The RichFaces dev and qe teams get notification when it fails, and we restart it based on whoever reacts first. Until now, we haven't done anything to remedy the problem - I'd like to change that.

For starters we need to track the events themselves. We need to know:

when it failed
why it failed (server.log? openshift infrastructure problem?)
what we did to get it going again (rhc command? irc/e-mail discussion with the openshift team?)

Then we can review the information when time for it allows, and look at implementing a fix, or reporting a systematic problem to the openshift team.

My question is where should we track these outages?

A wiki it too unstructured.
Should we use jira?
- Do we do this as a single issue with a comment for each event?
- One issue for each event?
Any other SaaS tools people recommend for tracking production issues?

Brian

1. Re: Showcase on Openshift keeps failing

lfryc Feb 26, 2013 5:16 PM (in response to bleathem)

For a start, we could switch to EAP6 cartridge and see how it helps with this issue.
Actions
2. Re: Showcase on Openshift keeps failing

bleathem Feb 26, 2013 5:30 PM (in response to lfryc)

Good point Lukas, that will certainly remedy some of the issues we've been noticing.
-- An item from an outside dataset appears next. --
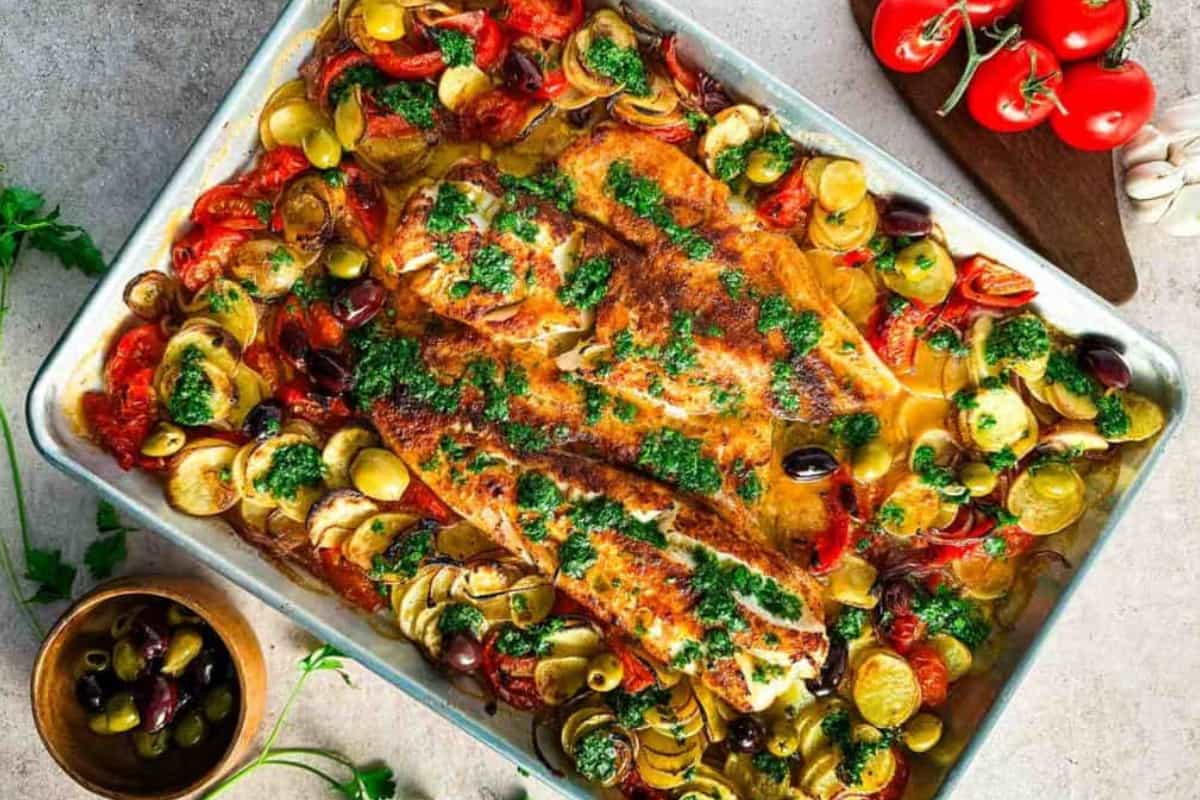 A dish of Sheet Pan Cod with Lemon Herb Sauce.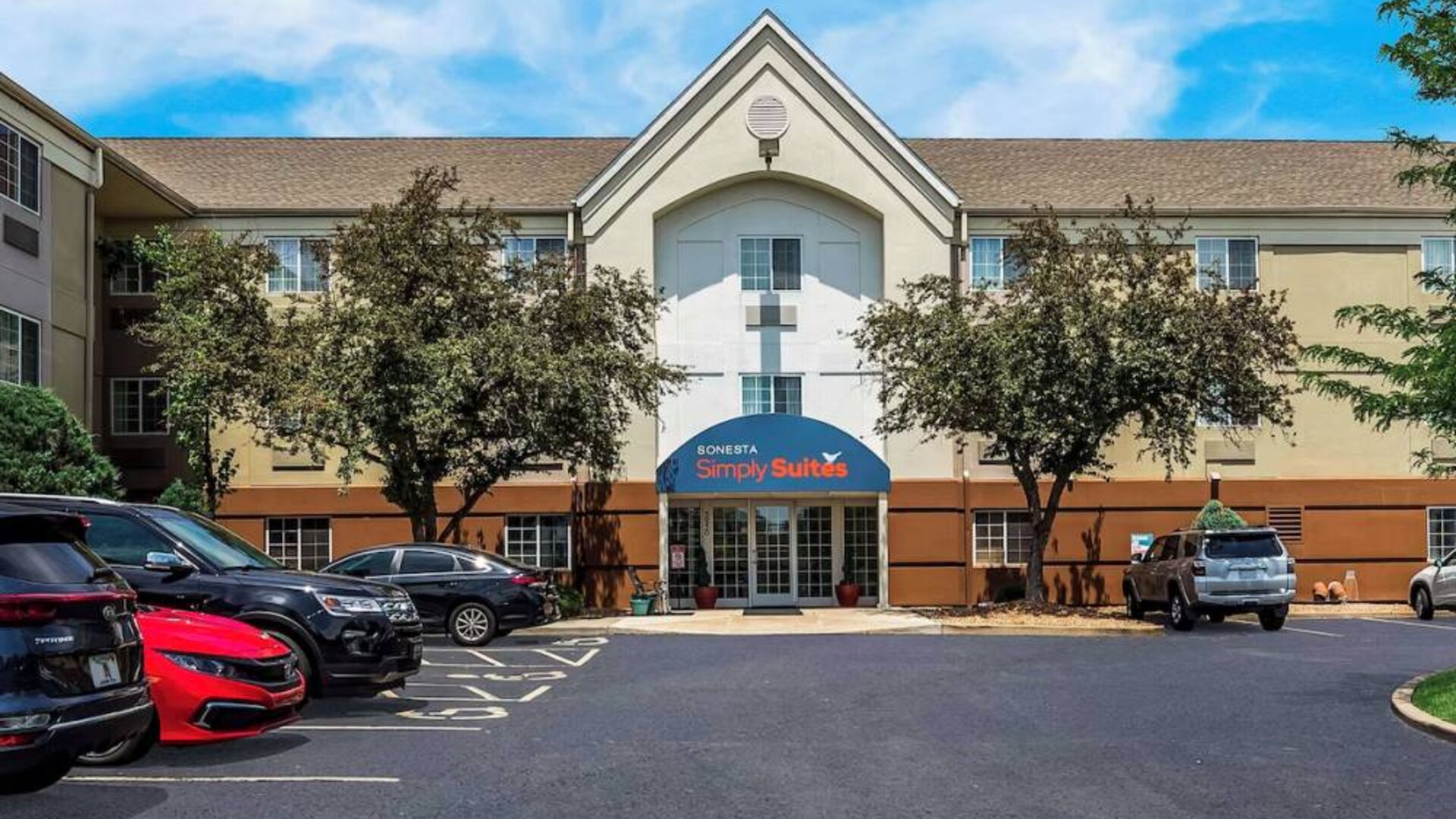 Sonesta Simply Suites St Louis Earth City’s exterior includes numerous parking spaces (including disabled spaces near the covered entrance) and trees.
Let's go ahead and do that. I've filed RFPL-2756 to track the task.

However, that doesn't resolve the problem that we need to do a better job tracking the cause and remedy associated with an outage. Any alternatives to suggest other than jira?
Actions
3. Re: Showcase on Openshift keeps failing

bdecoste Mar 8, 2013 10:12 AM (in response to bleathem)

Is this on OpenShift Online or Origin/on-premis/OSE? If you could provide the server.log file(s) I could help. Email is wdecoste@redhat.com. Applications are periodically restarted by our Online Ops team for upgrades and patches. We have seen times when significant applications do not deploy on a restart because of resource constraints. The current deploy timeout is 5m - if the app hasn't depployed within that 5 mins then the deployment is rolled back. The logs will show if this is the case. If so it's easily correctable by increasing the timeout settings in standalone.xml
Actions
4. Re: Showcase on Openshift keeps failing

lfryc Mar 12, 2013 9:46 AM (in response to bdecoste)

Thanks for a offer of a help, William!

I will send you fresh logs once I will observe a problem again.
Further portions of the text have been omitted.